Tuesday, 8 March 2005

miscellania

Things on my mind
  • I'm sick today. This means I can either: a)sleep; b)sloth about on the couch listening to 891; c)change this ugly blog template to something less hideous (I get sick of things quickly, which leads to my next point...)
  • I can't be arsed finishing my simmer sauce reviews. The idea was to write simmer sauce reviews but use the rhetorical structures of other types of reviews. That first one was obviously based on a car review. The butter chicken we had last week was going to be a theatre review, and the Latina Fresh pancetta and marinated deep-fried leek juice (or something) was going to be written like one of those travel shows doing a story about a hotel somewhere, which leads to my next point...
  • On Flyaway, or Runaway or whatever it was called, Catriona (check-out-my-amazing-cleavage) Rowntree did a story on the place where C & I stayed the night of our wedding. She was there, looking around and gushing over the couch (actually, they may have edited that bit out). But imagine that, having Channel nine's latest pin-up girl walking around in a bedroom where I once shagged! Which leads me to my next point...
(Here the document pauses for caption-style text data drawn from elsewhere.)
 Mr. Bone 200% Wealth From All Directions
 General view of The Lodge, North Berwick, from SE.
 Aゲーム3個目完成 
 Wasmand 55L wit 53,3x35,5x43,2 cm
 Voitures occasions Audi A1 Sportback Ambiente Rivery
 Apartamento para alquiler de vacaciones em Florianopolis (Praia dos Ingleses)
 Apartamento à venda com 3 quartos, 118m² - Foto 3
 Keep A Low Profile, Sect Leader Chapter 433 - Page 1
  • and no, it's not about shagging. Was unfortunate enough to catch ACA the other night (Ch9, in case you were wondering) where they did a story on the Danish Royal couple. Not content using the ambush technique of interviewing for dodgy businessmen, people who take advantage of vulnerable (or stupid) people, or "neighbours from hell", they saw fit to pounce on the crown prince and princess as they were going up an escalator. I don't know who the interviewer was but he was using that same gooey smugness that Mike Munro had down pat, asking "Is it good to be home? Ohhhh." I just wonder if people like that actually know how unprofessional they're being, or whether they care at all
  • on a note related to something I typed a few minutes ago... I'm kind of bored with predictable ideas. You know how in a book, or a show, or anything with a story, there always has to be this construction of how the elements introduced early on in the piece come into play later on in the story. It's usually in an ironic way but it's just oh-so-clever, and ultimately boring and predictable. Which leads me to my next point...
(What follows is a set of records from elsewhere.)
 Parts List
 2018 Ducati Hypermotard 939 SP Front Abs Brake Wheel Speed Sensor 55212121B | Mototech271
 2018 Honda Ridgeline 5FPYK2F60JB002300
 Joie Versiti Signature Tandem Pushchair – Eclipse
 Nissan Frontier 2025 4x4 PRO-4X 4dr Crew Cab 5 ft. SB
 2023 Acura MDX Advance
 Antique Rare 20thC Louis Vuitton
  • I'm currently reading Chekhov: The Comic Stories, which is a collection of 50 short stories by a guy called Anton. What I like about it is that a lot of them are not stories in the classic-narrative sense of the word we've all become accustomed to. Some of them are just vignettes of a few moments between characters and others are character studies written in the first person. The humour is often dark but even in the 'story' stories, there's usually a twist that you never see coming. It's nice to read a story (even a short one) where you know something funny is going to happen but never really knowing what it's going to be.
  • Ah... paracetamol with pseudoephedrine. My hero.
And I seem to be mostly doing a, and am currently leaning towards b as the preferred option.